From the Toronto Star Aug 14, 2009 11:24 AM

OTTAWA  –  The Conservative government has lost its appeal of a court decision ordering it to bring Omar Khadr home to Canada from the U.S. detention facility in Guantanamo Bay, Cuba.

The Federal Court of Appeal ruled today that the government offered no compelling reasons why it should not comply with an order to request that Khadr, 22, be repatriated to Canada.

"There is no legal or factual foundation upon which this Court can conclude that the decision not to request Mr. Khadr’s repatriation is justified," the court ruled.

A Federal Court decision, handed down in April, found that Canadian officials breached Khadr’s Charter rights by interrogating him after he had been subject to harsh interrogation techniques at the hands of American officials.

The information gleaned from Canadian questioning was then handed over to U.S. officials.

The Tory government has refused to ask that Khadr be returned to Canadian custody, both because of his age — he was captured after a firefight in Afghanistan at age 15 and has been held in Cuba for seven years — and because of the treatment he has received while in U.S. custody.

"If Mr. Khadr is returned, it will be for the Attorney General to decide, in the exercise of his or her discretion, whether to institute criminal proceedings in Canada against Mr. Khadr.

"While Canada may have preferred to stand by and let the proceedings against Mr. Khadr in the United States run their course, the violation of his Charter rights by Canadian officials has removed that option," the ruling stated.

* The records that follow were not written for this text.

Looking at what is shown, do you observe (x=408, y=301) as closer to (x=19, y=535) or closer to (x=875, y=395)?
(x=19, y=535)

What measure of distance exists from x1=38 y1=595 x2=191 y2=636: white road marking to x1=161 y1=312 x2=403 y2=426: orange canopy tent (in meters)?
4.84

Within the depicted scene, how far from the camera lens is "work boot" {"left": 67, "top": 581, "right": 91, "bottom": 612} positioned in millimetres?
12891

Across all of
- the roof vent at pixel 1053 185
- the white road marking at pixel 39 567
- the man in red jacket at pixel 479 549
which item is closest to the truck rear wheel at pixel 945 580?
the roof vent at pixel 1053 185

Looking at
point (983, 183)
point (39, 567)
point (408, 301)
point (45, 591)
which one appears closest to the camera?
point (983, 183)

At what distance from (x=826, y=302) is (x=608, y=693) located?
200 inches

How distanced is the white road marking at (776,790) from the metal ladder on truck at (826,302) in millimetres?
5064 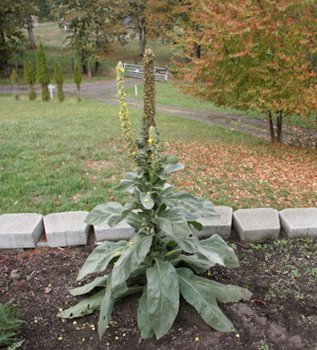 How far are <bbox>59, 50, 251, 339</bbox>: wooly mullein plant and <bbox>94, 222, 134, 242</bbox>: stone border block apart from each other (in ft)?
2.21

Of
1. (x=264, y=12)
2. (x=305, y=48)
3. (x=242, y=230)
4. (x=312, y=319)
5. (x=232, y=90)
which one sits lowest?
(x=312, y=319)

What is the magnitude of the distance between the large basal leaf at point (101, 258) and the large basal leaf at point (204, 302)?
1.76 feet

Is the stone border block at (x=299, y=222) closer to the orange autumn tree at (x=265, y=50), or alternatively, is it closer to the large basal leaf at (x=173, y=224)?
the large basal leaf at (x=173, y=224)

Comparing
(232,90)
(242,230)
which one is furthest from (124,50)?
(242,230)

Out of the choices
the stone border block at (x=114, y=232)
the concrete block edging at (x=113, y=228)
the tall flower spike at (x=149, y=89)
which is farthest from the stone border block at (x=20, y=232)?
the tall flower spike at (x=149, y=89)

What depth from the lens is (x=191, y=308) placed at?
116 inches

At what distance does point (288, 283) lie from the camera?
330cm

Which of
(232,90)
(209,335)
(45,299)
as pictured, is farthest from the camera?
(232,90)

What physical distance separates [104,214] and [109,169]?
3285mm

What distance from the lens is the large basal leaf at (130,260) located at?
8.55ft

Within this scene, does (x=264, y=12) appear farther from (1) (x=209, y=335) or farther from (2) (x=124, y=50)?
(2) (x=124, y=50)

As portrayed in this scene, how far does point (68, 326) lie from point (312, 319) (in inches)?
74.0

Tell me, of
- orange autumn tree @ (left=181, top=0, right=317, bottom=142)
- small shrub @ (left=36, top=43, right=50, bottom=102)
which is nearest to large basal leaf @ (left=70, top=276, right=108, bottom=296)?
orange autumn tree @ (left=181, top=0, right=317, bottom=142)

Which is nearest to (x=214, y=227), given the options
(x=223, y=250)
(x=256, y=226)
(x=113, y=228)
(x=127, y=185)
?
(x=256, y=226) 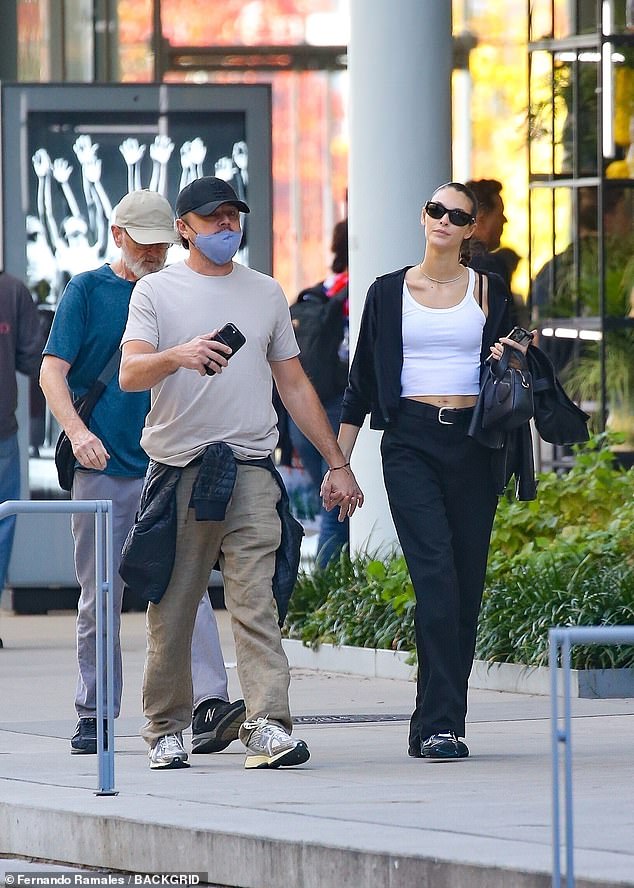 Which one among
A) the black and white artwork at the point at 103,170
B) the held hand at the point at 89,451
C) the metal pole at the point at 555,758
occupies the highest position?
the black and white artwork at the point at 103,170

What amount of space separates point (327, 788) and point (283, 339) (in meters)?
1.50

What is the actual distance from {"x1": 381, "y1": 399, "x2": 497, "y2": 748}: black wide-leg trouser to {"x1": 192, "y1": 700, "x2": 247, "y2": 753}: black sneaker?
583 mm

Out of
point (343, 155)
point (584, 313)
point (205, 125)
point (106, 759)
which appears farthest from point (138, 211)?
point (343, 155)

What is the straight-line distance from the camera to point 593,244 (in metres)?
14.0

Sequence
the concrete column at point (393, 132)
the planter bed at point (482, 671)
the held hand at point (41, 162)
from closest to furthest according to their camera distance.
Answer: the planter bed at point (482, 671) → the concrete column at point (393, 132) → the held hand at point (41, 162)

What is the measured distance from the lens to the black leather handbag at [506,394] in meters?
7.01

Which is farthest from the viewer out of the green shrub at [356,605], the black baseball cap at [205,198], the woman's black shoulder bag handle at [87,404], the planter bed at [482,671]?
the green shrub at [356,605]

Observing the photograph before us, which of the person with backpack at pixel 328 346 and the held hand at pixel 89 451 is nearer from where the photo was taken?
the held hand at pixel 89 451

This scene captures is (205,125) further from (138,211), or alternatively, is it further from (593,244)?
(138,211)

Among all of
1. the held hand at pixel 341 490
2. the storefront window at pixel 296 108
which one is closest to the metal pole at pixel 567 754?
the held hand at pixel 341 490

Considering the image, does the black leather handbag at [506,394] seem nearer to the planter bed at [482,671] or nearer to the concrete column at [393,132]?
the planter bed at [482,671]

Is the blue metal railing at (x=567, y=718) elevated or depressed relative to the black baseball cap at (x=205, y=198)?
depressed

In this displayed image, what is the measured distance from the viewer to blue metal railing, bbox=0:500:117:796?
6.46m

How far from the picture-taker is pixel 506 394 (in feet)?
23.0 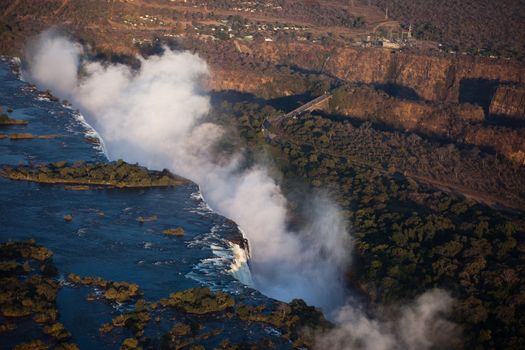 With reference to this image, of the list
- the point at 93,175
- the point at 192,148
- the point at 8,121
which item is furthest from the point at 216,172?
the point at 8,121

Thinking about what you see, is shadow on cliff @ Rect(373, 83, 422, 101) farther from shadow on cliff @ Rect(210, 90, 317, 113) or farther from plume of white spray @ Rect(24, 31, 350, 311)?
plume of white spray @ Rect(24, 31, 350, 311)

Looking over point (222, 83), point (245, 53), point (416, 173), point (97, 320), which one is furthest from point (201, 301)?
point (245, 53)

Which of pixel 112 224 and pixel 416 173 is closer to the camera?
pixel 112 224

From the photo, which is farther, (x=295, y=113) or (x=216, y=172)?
(x=295, y=113)

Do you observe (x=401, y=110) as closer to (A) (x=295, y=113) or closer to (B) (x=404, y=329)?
(A) (x=295, y=113)

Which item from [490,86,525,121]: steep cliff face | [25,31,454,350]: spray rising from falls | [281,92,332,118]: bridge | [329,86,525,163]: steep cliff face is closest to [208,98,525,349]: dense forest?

Prime Minister Stephen Harper had argued that Canada must wait and see what the administration of U.S. President Barack Obama does in Khadr’s case.

U.S. military court proceedings initiated against Khadr four years ago remain up in the air.

Successive governments, both Liberal and Conservative, have refrained from intervening in the Khadr case. The Tories have rejected a growing chorus of calls to deal with him on Canadian soil.

The government can appeal today’s decision to the Supreme Court of Canada, the highest court in the land.

One of the government’s most pressing arguments in refusing to comply with the Federal Court decision has been the assertion that the federal cabinet alone has responsibility for making foreign policy decisions, a jurisdiction that no court should be able to limit or sway.

"There is no factual basis" for that claim in Khadr’s case, the appeal court ruled.

"In the unusual circumstances of this case, it was reasonable … to conclude that being ordered to make such a request of a close ally is a relatively small intrusion into the conduct of international relations."